* RECORDS *

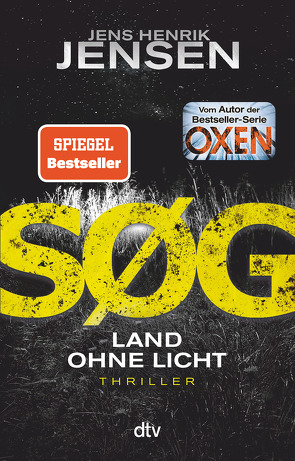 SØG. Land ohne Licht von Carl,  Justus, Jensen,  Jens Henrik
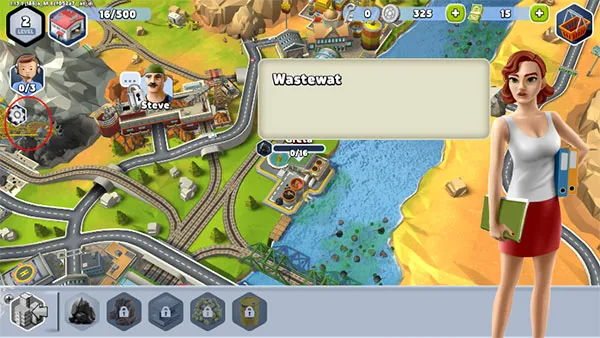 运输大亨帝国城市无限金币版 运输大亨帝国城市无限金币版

---

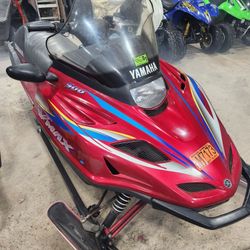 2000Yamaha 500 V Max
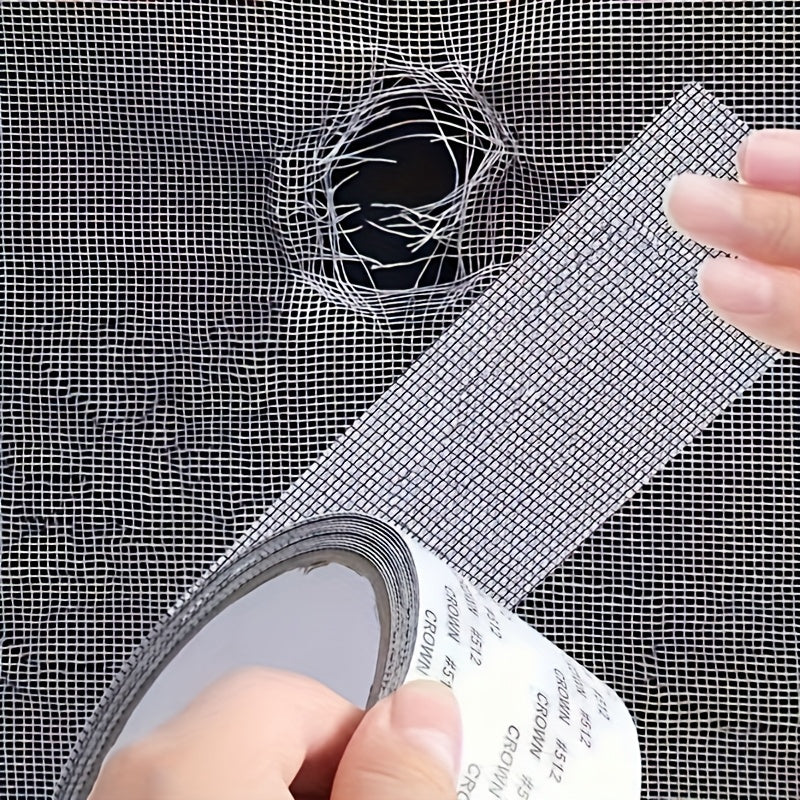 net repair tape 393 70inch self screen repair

* PROBLEM TO WORK ON *
Where a picture appears in the records above, omit it, and transcribe exactly the stretch of lines from the one with "SØG. Land ohne" through the one with "运输大亨帝国城市无限金币版 运输大亨帝国城市无限金币版".

* YOUR SOLUTION *
 SØG. Land ohne Licht von Carl,  Justus, Jensen,  Jens Henrik
 运输大亨帝国城市无限金币版 运输大亨帝国城市无限金币版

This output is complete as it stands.